Für den, der in der Natur aufwächst, wird sie zur Freundin und Führerin, und
ihr Einfluss auf den Menschen lässt sich dann nicht treffender ausdrücken, als
durch die schönen Worte Eichendorffs:
- »Schläft ein Lied in allen Dingen,
- Die da träumen fort und fort,
- Und die Welt hebt an zu klingen,
- Triffst du nur das Zauberwort.«
Wenn es gelingt, diese Lebenskräfte der natürlichen Umgebung und der Heimat für die Erziehung und Bildung der Jugend nutzbar zu machen, dann wird sich auch von selbst die rechte Heimatliebe entwickeln, deren Fehlen wir in der Gegenwart so oft beklagen müssen.
Auch in bezug auf die Charaktererziehung müssen wir den einfachen Verhältnissen des Landes den Vorzug geben vor den verwickelten Verhältnissen der Grossstadt.
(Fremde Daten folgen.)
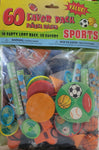 Sports Favor Pack 60ct - Unique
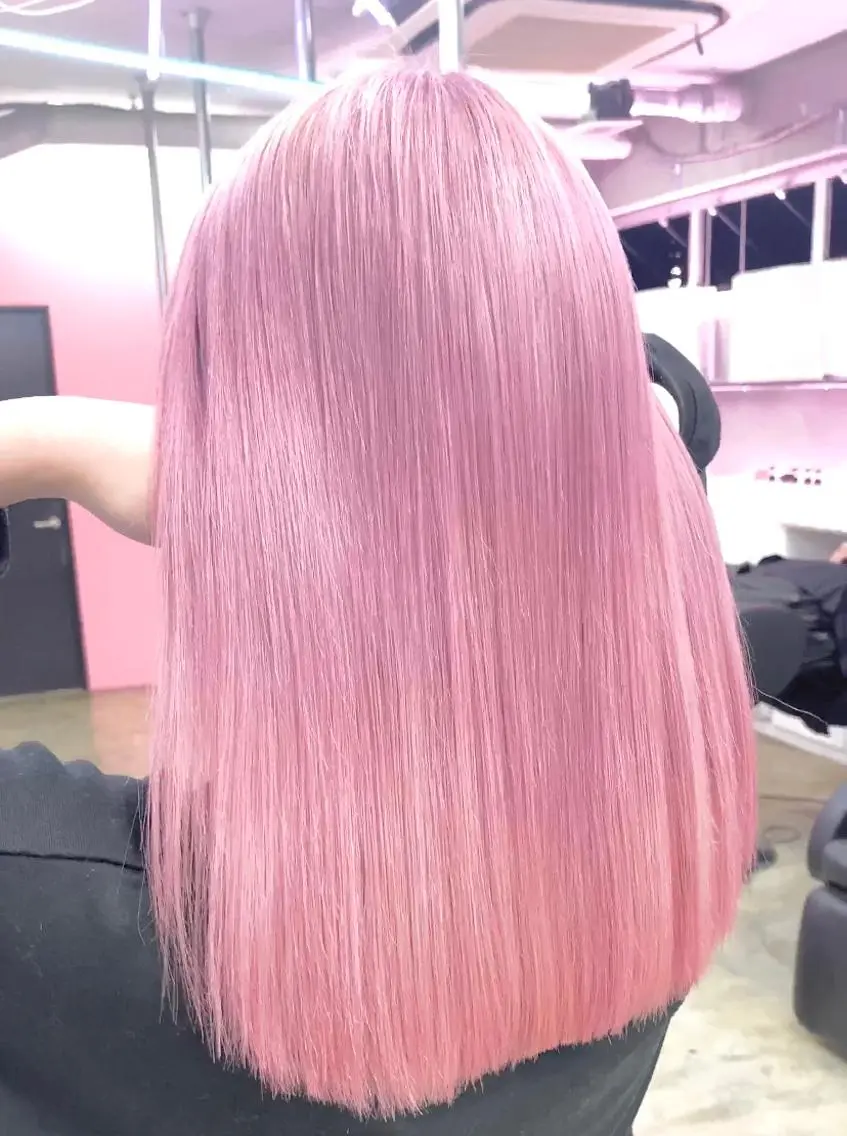 ロング カラー ヘアカラー トリートメント ヘアセット 🎀透明感 カラー🎀ミズキのヘアスタイル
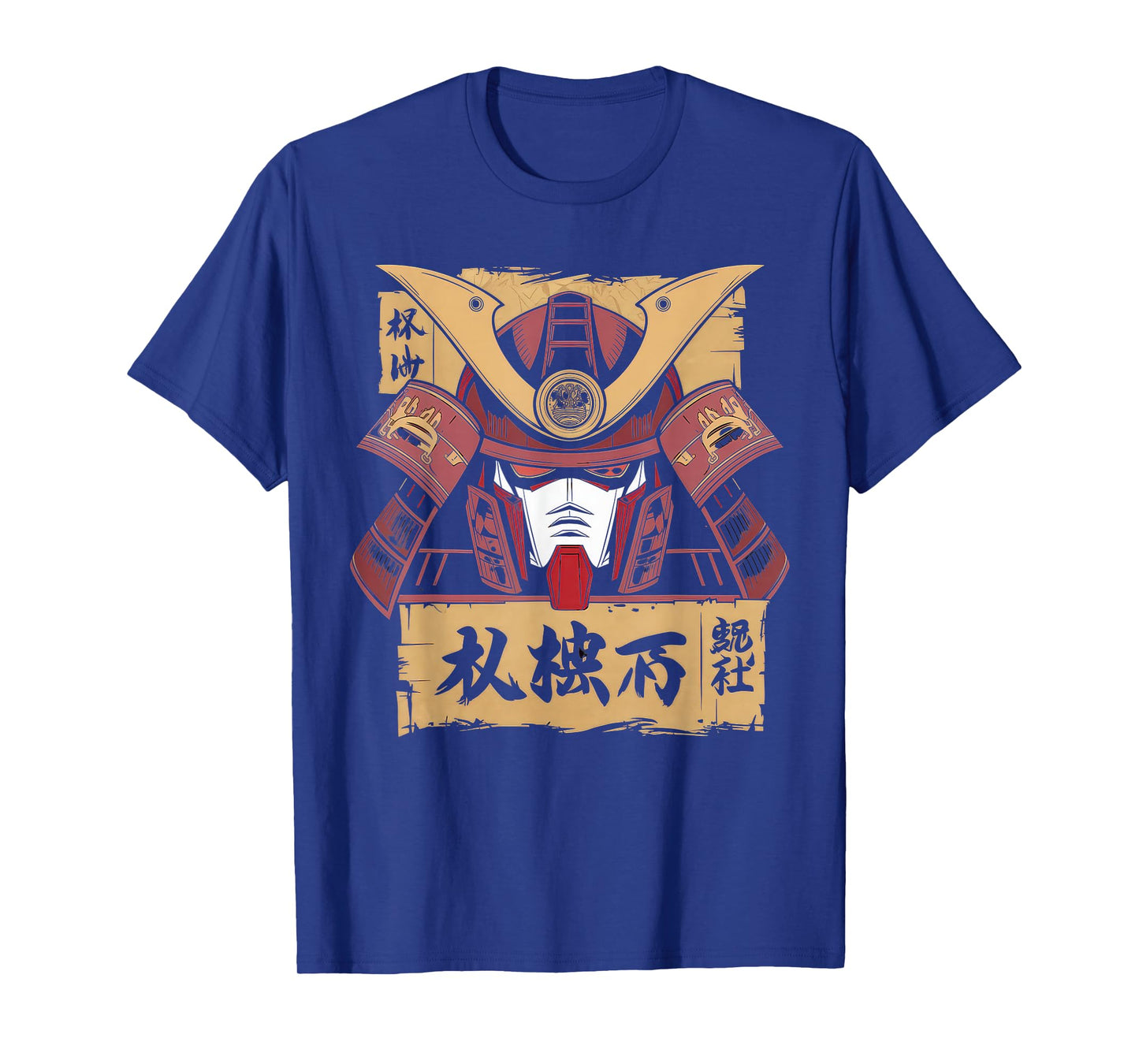 Mecha Tshirt Japanese Mecha Robot Head Anime Art Ukiyo-E T-Shirt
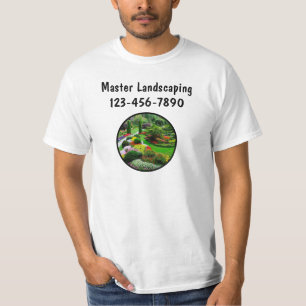 T-shirt Chemises de travail de l'employé de Landscaping Ma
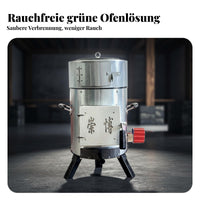 Wood Gasifier Stove, Dual Fuel, Smokeless, Multifunctional, Home, Camping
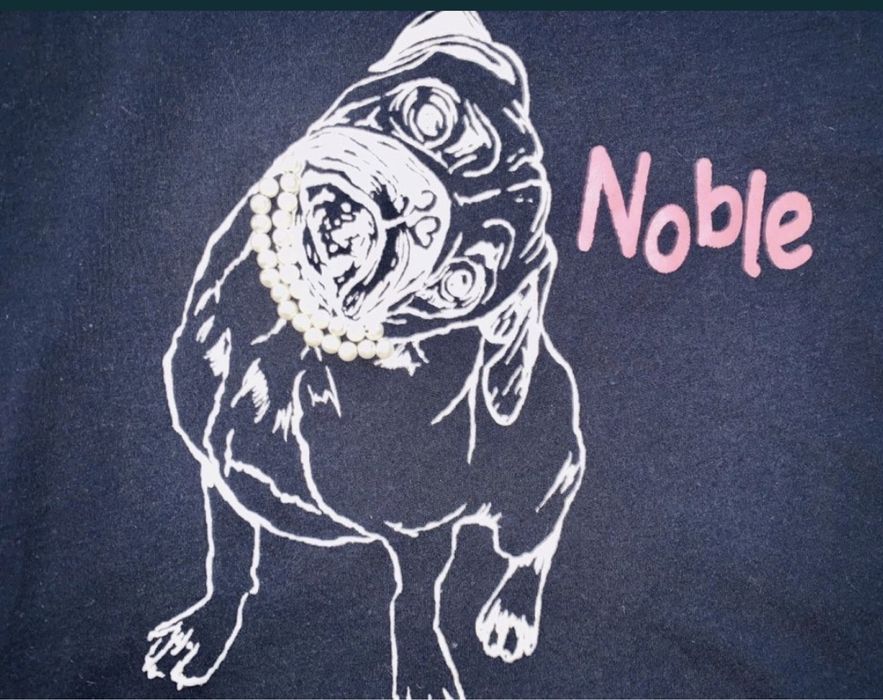 Tricou Buldog cu perle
Hier, wo die Menschen dicht zusammengedrängt wohnen, kennt doch kaum einer den andern und weiss nichts von seinem inneren Leben. Dort dagegen sind die Lebensverhältnisse viel durchsichtiger und auch dem Aussenstehenden vertrauter. Die Familien kennen sich untereinander, die Personen und ihre Schicksale von den Grossvätern bis zu den Enkeln; ihr Glück und ihr Unglück, ihre Tugenden und ihre Laster werden als gute oder als schlechte Beispiele beachtet. Der Zusammenhang menschlichen Tuns und äusserer Erfolge, von Charaktereigenschaften und Schicksalen des Einzelnen liegen auch für das kindliche Verständnis klar zutage. So wird das Leben dem Kinde zu einer Schule der Erkenntnis und es entwickeln sich schon in der Jugend die Keime zu dem späteren Wollen des Menschen. Die Erziehung ist dann so weit vorbereitet, dass sie durch das, was der eigentliche Unterricht und die Schule bieten, nur noch vertieft und gefestigt, aber in ihren Grundlagen nicht mehr geändert werden kann.